昔のような団体温泉旅行とか、大宴会のような文化が廃れてきたこと、そしてそもそも地方の人口がどんどん減ってきているために経済が停滞してるんだからでしょうかね。
ひなびた温泉は味があるものでよく通ったもんですが、そういう所に限って次回ふらっと寄ってみると営業終了により閉鎖なんてところが多くなりました。
そんなところでは決まって街を歩くと空き家だらけ。
見た目20〜30年放置してるんじゃない?と思えるようなところもたまにあります。
各地方自治体は条例変えて空き家対策に力入れたりしてますが、どうしてもお金の流れていない所に人は集まらないので、過疎は進む一方なんだそうで。
そんな中、数年前に訪問したものの、その時は集落全体が寂れてしまってて過去の街の栄光がふっ飛んでしまった温泉地に再度行くことになりました。(あえて地名は言わんときますわ)
宿を探しているときに、検索条件に引っかかってきて、訪問して地名は知っていたので泊まるだけだから良いかと思って訪問してみたわけです。

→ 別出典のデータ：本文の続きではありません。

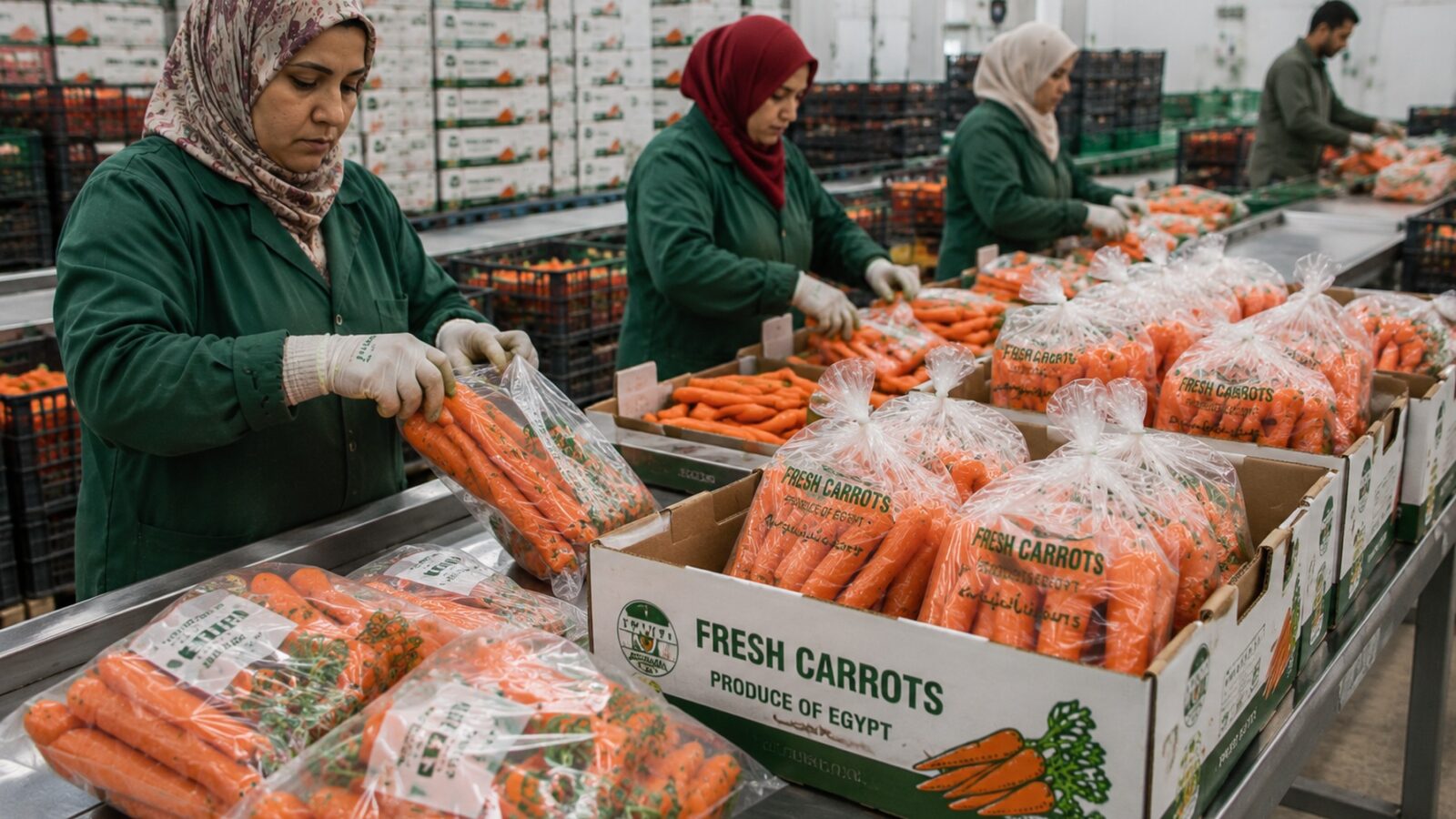 Egyptian carrots being graded and packed for export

そう、昭和の時代に繁栄していたその地は江戸時代から続く温泉地で、泉質は優秀。
メイン通りには大型旅館が10軒ほどは有るところなのです。
でもパッと見で、6軒ほどは閉業してました。
やっぱりな~とか思いつつ、駐車場に車を停め、多くの期待もせずフロントに。
なんか若いバイト風のニーチャンが対応してくれたんですが、どうも様子がおかしい。
あれ?めっちゃ優秀なんじゃね?もしかして経営者?
そんな印象の彼からは、部屋のアップグレードを打診され、もちろん承諾。
部屋に付いて中を見渡しで絶句でしたね。ゴージャス過ぎ!
超ラッキーとか言いつつ、部屋じゅう見て回っちゃいました。ガキです。
見てみると、最新式でデザイン性と機能性が高い調度品、トイレも最新式。
PCでワークするための専用コーナーも、部屋に作り付けになってると。
いやはや、負けましたね。さびれてないですねー、最新のグローバル仕様ですね~。
でもなんでこんなことになってるんかいな?と疑問も湧き、フロントにーちゃんと少々話してわかりました。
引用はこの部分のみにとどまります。